German Researchers Measure Rainfall by Studying Radio Waves
Conventional approaches to studying rainfall patterns across both large distances and long timeframes suffer from a Goldilocks problem. For example, while a rain gauge may provide comprehensive precipitation data for a specific point on a near-constant basis, accurately capturing the variable nature of rainfall across a watershed may require researchers to deploy too many gauges to be practical. On the other hand, satellites and other large-area measurement methods often read rainfall at a specific point too infrequently to produce much useful data for municipalities, farmers, and meteorologists.
A research team from Karlsruhe Institute of Technology and the University of Augsburg, both in Germany, describes a new approach to rainfall measurement that involves studying the radio signals used by mobile phones. The approach demonstrates potential to measure rainfall over expansive areas with a minute-by-minute resolution. Image credit Wikipedia
According to new research from Germany’s Karlsruhe Institute of Technology (KIT) and University of Augsburg (UA), infrastructure that already exists in nearly every corner of the world may offer a solution that is just right.
Mobile-phone networks often rely on towers equipped with commercial microwave link (CML) antennas, which communicate via radio signals to coordinate calls across long distances.
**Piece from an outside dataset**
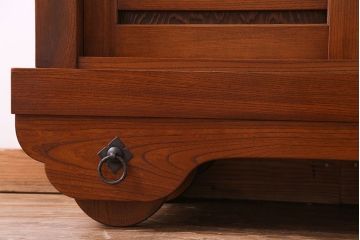 ビンテージ家具　ビンテージ　国産手造り　木肌のあたたかみが魅力のケヤキ製車箪笥(帳場箪笥、戸棚)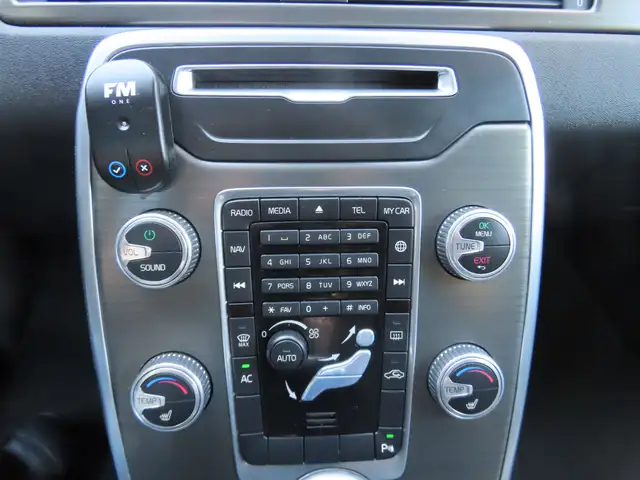 Volvo V70 view 15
Rainstorms weaken these signals, and according to the research team, analyzing fluctuations in CML signal strength can translate into accurate rainfall measurements across both space and time.
“We have developed a completely new method for rain measurement from this interaction between weather events and human technology,” said KIT climatologist Harald Kunstmann in a release about the new research. “If a CML network is in place, we neither need new infrastructure nor additional ground staff.”
Stronger Readings From Weaker Signals
Partnering with a large, Swedish telecommunications company, the research team studied the radio frequencies emitted by nearly 4,000 CML antennas on a minute-by-minute basis for a year. The monitored CML network, which stretches across Germany, represents a diverse range of climate zones from the North German Plain to the Alps.
The measurement process begins by focusing on instances in which CML frequencies weaken to wavelengths between 15 to 40 GHz, which the researchers describe corresponds to the typical size of the raindrops that disrupt radio waves. By considering differences in signal strength alongside the location of specific CML antennas, the researchers developed Germany-wide precipitation maps estimating rainfall occurrence and volume as conditions changed.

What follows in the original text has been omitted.